Hari sampai di Jakarta pukul 09.00 WIB pagi, namun baru bertemu dan berbicara dengan wartawan siang ini di kantor Kontras, Menteng.
Rencananya, Hari akan segera mengunjungi beberapa instansi, termasuk Istana Merdeka, DPR, dan Wisma Bakrie.
"Kami ingin mendapatkan penyelesaian pembayaran ganti rugi," tutur Hari yang melakukan aksinya sejak 14 Juni lalu.
Hari menyebutkan Peraturan Presiden Nomor 14 tahun 2007 yang tidak menyebutkan secara tegas tenggat bagi PT Minarak Lapindo, untuk membayarkan ganti rugi kepada warga. Hingga saat ini masih ada ribuan warga yang belum dibayarkan hak mereka oleh Minarak.
"Nominalnya sekitar Rp970 miliar yang harus dibayarkan oleh Lapindo saat ini pada korban. Tapi tidak kunjung dibayar. Diangsur sistemnya, tapi selalu tidak tepat. Misalnya tahun 2010 hanya ada empat kali transfer (ke rekening korban), sedangkan tahun 2011 ada tiga kali transfer. Dan tahun ini baru ada sekali transfer bulan enam kemarin," tutur Hari.
Menurut Hari, Bapak tiga anak yang bahkan tidak lulus sekolah dasar itu, seharusnya pemerintah melalui Pepresnya tegas menentukan tenggat pembayaran.
"Makanya mau ke Istana, pemerintah harus tegas mengatakan kapan perusahaan selambat-lambatnya harus membayar aset kami," tutur Hari.
Aksi untuk mencari hak dan keadilan bagi warga korban lumpur Lapindo bukan sekali ini saja. Ia sudah beberapa kali melakukan aksi untuk menuntut keadilan dan haknya.
Namun, kata dia, hanya janji-janji penyelesaian yang diberikan dan bukan tindakan.
"Saya berjalan sekaligus untuk mendapatkan dukungan dari orang-orang yang saya temui selama perjalanan. Saya menjual video dokumenter lumpur Lapindo. Harganya Rp50 ribu. Sepanjang perjalanan banyak dukungan, dan jadi lebih banyak yang tahu. Misalnya ada mahasiswa yang dulu tak mengerti persoalan ini, setelah tahu, mereka mendukung kami," kata Hari.

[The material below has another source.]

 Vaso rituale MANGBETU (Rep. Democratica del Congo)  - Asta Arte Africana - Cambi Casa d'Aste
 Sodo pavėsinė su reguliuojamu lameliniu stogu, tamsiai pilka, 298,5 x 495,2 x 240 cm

Dalam sehari, Hari mentargetkan untuk berjalan kurang lebih 40 kilometer. Menurut dia, kadang dia berjalan di pagi hingga siang hari, atau bahkan malam hingga dini hari.

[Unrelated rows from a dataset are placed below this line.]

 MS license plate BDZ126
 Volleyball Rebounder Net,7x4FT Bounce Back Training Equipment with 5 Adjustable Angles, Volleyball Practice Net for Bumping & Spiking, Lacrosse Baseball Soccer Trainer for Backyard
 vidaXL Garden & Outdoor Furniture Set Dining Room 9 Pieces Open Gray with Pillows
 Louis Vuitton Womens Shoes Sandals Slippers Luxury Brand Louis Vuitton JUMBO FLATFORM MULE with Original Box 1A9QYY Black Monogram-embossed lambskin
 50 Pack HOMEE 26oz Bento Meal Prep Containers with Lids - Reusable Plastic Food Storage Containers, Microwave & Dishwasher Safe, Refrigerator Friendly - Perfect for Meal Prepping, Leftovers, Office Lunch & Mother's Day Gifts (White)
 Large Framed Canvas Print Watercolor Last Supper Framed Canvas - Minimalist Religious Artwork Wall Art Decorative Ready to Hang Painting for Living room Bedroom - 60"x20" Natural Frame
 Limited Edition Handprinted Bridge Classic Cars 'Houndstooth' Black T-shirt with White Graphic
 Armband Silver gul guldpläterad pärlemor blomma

Menurut Hari, semburan lumpur Lapindo tak hanya memporandakan kehidupan korban namun juga membunuh warga secara perlahan-lahan, sebab tidak ada penyelesaian yang pasti.
Banyak warga Sidoarjo korban lumpur Lapindo yang harus kehilangan pekerjaan dan saat ini tak tentu mencari nafkah gara-gara semburan lumpur itu.